Although the literature documents a lack of high-quality evidence regarding PEMF in ulcer management [30], we observed the complete healing of a mixed ulcer from which a patient suffered for a year at the ninth week of a combined protocol without the development of adverse events. However, the impact of the global care process should be considered, since the interventions carried out during the entire treatment period cannot be separately assessed.
Indeed, being a single case, we cannot exclude that other factors could have a role in the management of venous ulcer, e.g., the quality of debridement and compression and the discontinuation of steroid therapy.

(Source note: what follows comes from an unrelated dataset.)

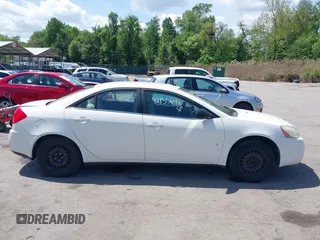 2008 Pontiac G6 1SV Value Leader z VIN 1G2ZF57B184150315, wystawiony jako IAAI lot #42155646 z przebiegiem 350 654 mil mil oraz . Historia ofert i sprzedaży dostępna na DreamBid. Obrazek 13.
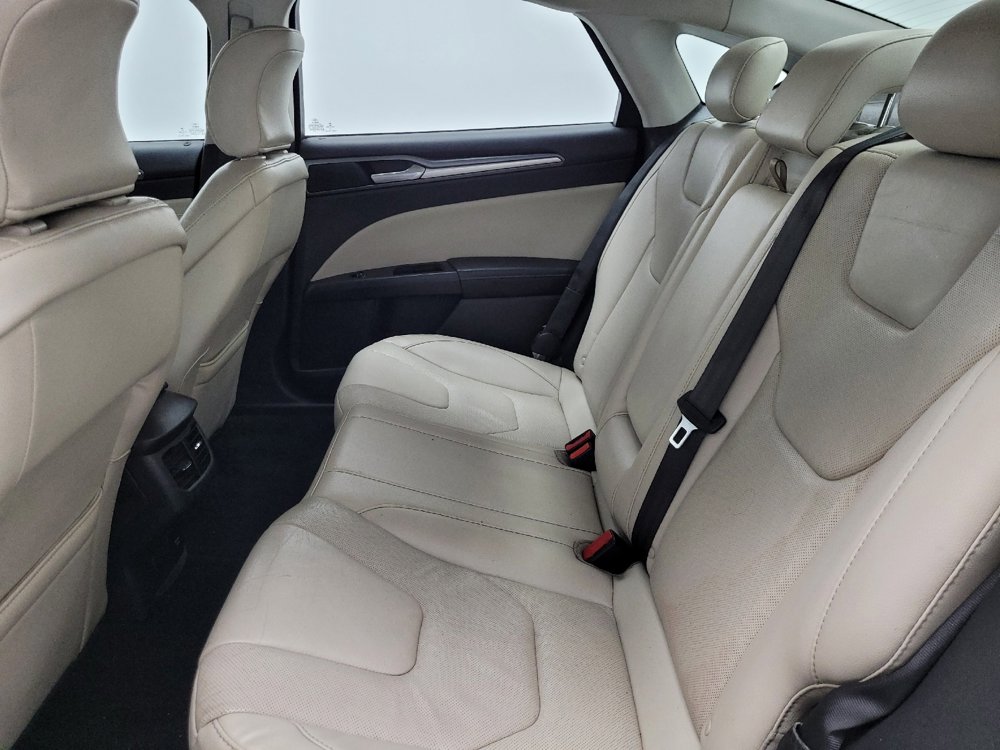 Used 2015 Ford Fusion Titanium image 18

In the future, advanced visualization of magnetic fields and the presence of physicists in the medical team may be useful in deeply understanding the interaction of waves with the organism and in achieving a more specific administration [42]. Indeed, it would be of interest evaluate the possibility of using magnetophoresis (i.e., the enhancement of drug permeation across the biological barriers through a magnetic field) to deliver topical drugs in addition to magnetic fields in wound treatment. This process may exert an enforcing action in the treatment of ulcer. Magnetophoresis has been shown to increase the dermal bioavailability of certain drugs, potentially enhancing delivery and pharmacological effects [43,44]. However, to our knowledge, there are no known add-on drugs used in diamagnetic therapy in the management of ulcers. Furthermore, whether magnetic fields may exert other effects on drugs pharmacokinetics and pharmacodynamics should be considered.
In conclusion, our case report suggests that diamagnetic therapy might represent an interesting noninvasive option as an add-on treatment for patients with venous ulcers. Preclinical data describe several mechanisms through which it might accelerate healing processes and promote drainage, whereas clinical data are limited to anecdotal reports and small clinical studies. Larger randomized control trials and standardized diagnostical and therapeutical procedures are needed to compare the results and to obtain high-quality evidence. Furthermore, the interactions between magnetic fields and add-on drugs need further analysis.